Last year’s Ivy celebrity Brown — which reached the NIT — pulled off a clunker in its opener, losing by 40 to Texas. Thankfully, the Bears responded to that embarrassment in its second game by losing to Rider. The much-hyped senior-laden Cornell squad kept early-season juggernaut Georgia Tech close for 30 minutes before falling by 20. Luckily, it responded as well by beating Army — if only after falling to Colgate. Harvard, Dartmouth and Columbia are a combined 0-7.

Princeton is the league’s only undefeated at 2-0 coming off a respectable win over Holy Cross. But the Tigers have had a shot to build up their confidence before really testing their mettle with road trips to Duke and Oklahoma in the next month. If the early-season trend continues, the Tigers will keep the games close, put a good scare into the hosts and walk out respected losers. But if the Blue Devils and Sooners are paying as much attention to the early Ivy League “successes” as Wake Forest was, they clearly won’t be caught off guard by the Tigers.

It’s tough to say where all this is going. No Yale fan can realistically be disappointed by the losses to UConn and Wake Forest, and the UConn effort was especially heartening for fans and players both. The Ivy League season is an entity in and of itself. With no conference tournament, each game takes on added significance that is absent everywhere else in Division I college basketball. Each team’s ultimate goal is to win the league and just get a crack at a big program in March with a chance to be Cinderella.

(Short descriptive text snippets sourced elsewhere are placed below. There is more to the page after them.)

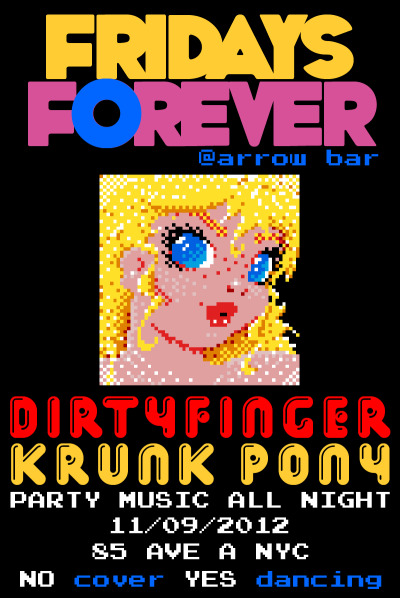 Fri: #FRIDAYSFOREVER, @Krunkpony & @Dirtyfinger ON THAT FUNKY FEELGOOD at Arrow Bar.
It’s been WAY too long since I got to rock with Mz. Pony, she always plays the fun stuff. The basement will be a danceparty once again on Ave A on a NEW set of speakers at Arrow. Check an older mix of hers that I still love:

NO cover YES dancing, 85 Ave A NYC 21+ (Get Facebooked)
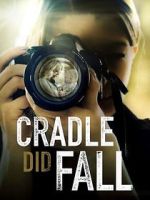 Watch Cradle Did Fall Zmovie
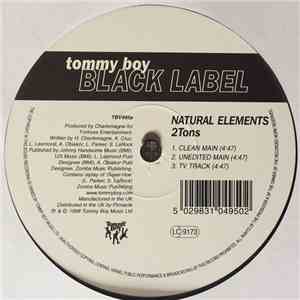 Natural Elements - 2 Tons / Live It Up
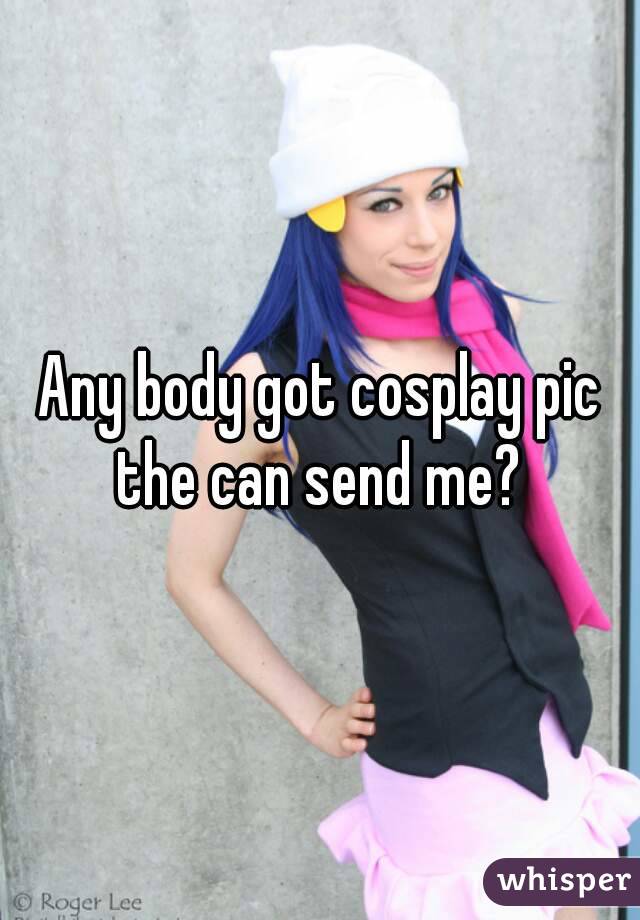 Any body got cosplay pic the can send me? 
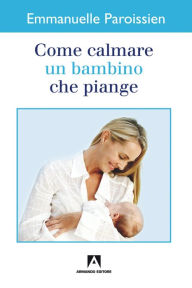 Title: Come calmare un bambino che piange, Author: Emmanuelle Paroissien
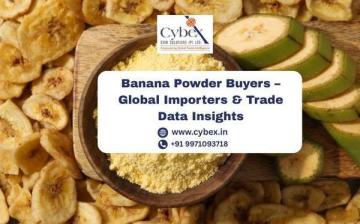 Banana Powder Buyers – Global Importers & Trade Data Insights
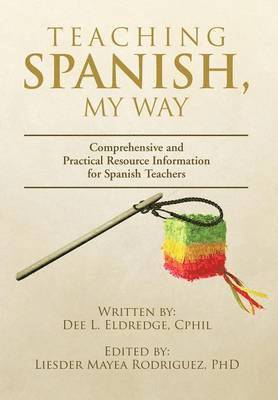bokomslag Teaching Spanish, My Way
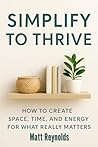 Simplify to Thrive: How to Create Space, Time, and Energy for What Really Matters Simplify to Thrive: How to Create Space, Time, and Energy for What Really Matters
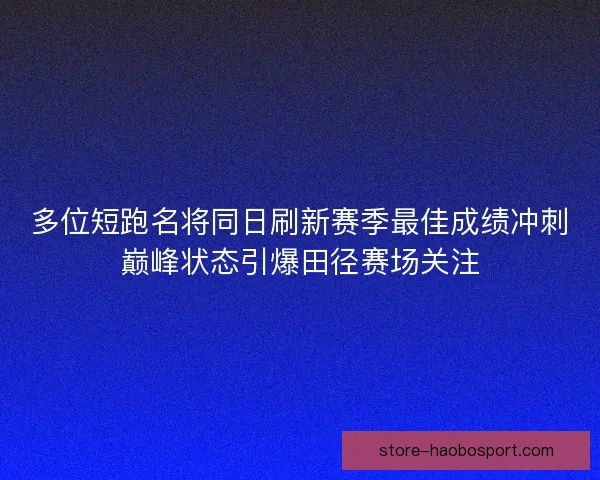 多位短跑名将同日刷新赛季最佳成绩冲刺巅峰状态引爆田径赛场关注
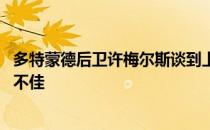 多特蒙德后卫许梅尔斯谈到上半赛季他仍然被伤病困扰 状态不佳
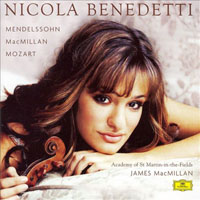 Nicola Benedetti - Nicola Benedetti Plays Mendelssohn, MacMillan & Mozart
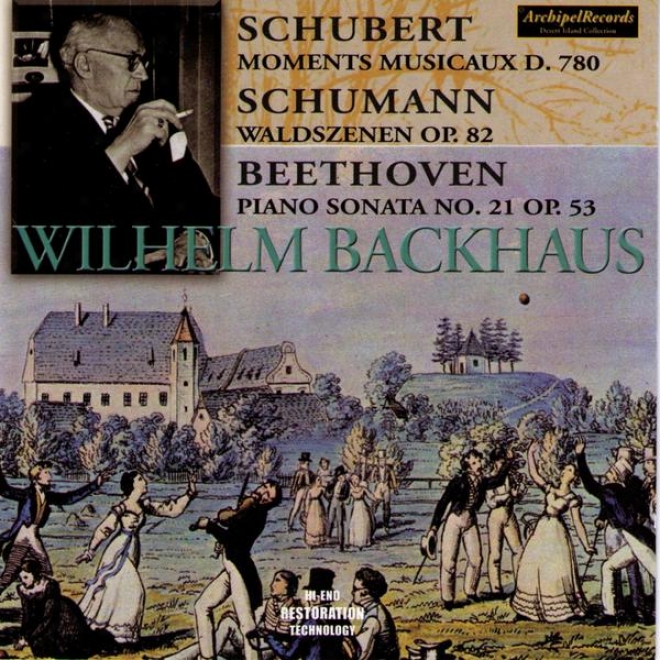 Franz Schubert : Moments Musicaux D.780 - Robert Schumann : Waldszenen Op.82 - Ludwig Beethoven : Piano Sonata No.21, Op.53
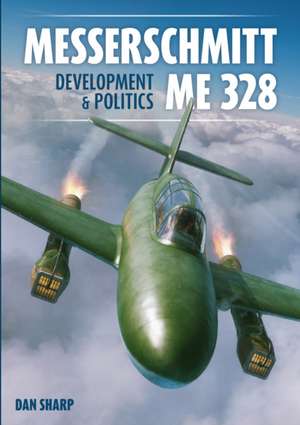 Messerschmitt Me 328 Development & Politics de Dan Sharp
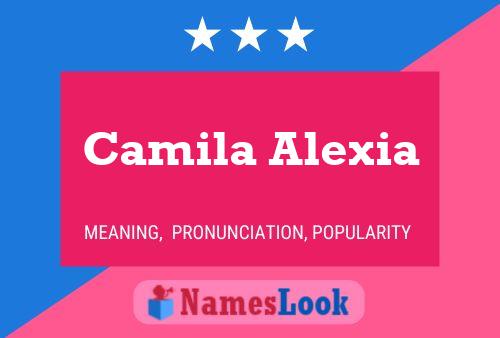 Camila Alexia Name Poster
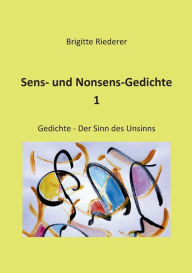 Title: Sens- und Nonsens-Gedichte 1: Der Sinn des Unsinns, Author: Brigitte Riederer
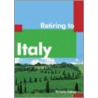 Retiring To Italy door Victoria Pybus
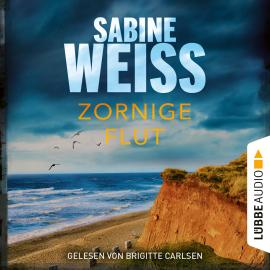 Hörbuch Zornige Flut - Liv Lammers - Sylt-Krimi, Teil 7 (Ungekürzt)  - Autor Sabine Weiß   - gelesen von Brigitte Carlsen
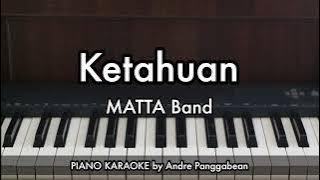 Ketahuan - MATTA Band | Piano Karaoke by Andre Panggabean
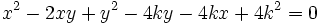 x^2-2xy+y^2-4ky-4kx+4k^2=0 \,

But undoubtedly, programs are beginning to see games against major conference powerhouses more in terms of wins and losses than in terms of generating the revenue derived from acquiescing to travel in order to be a doormat. Ideally, columnists like Katz will be forced to write about major conference teams’ reluctance to schedule Ivy teams out of fear that instead of padding their win totals they will be suffering season-changing defeats. That would truly mark the emergence of Ivy League basketball.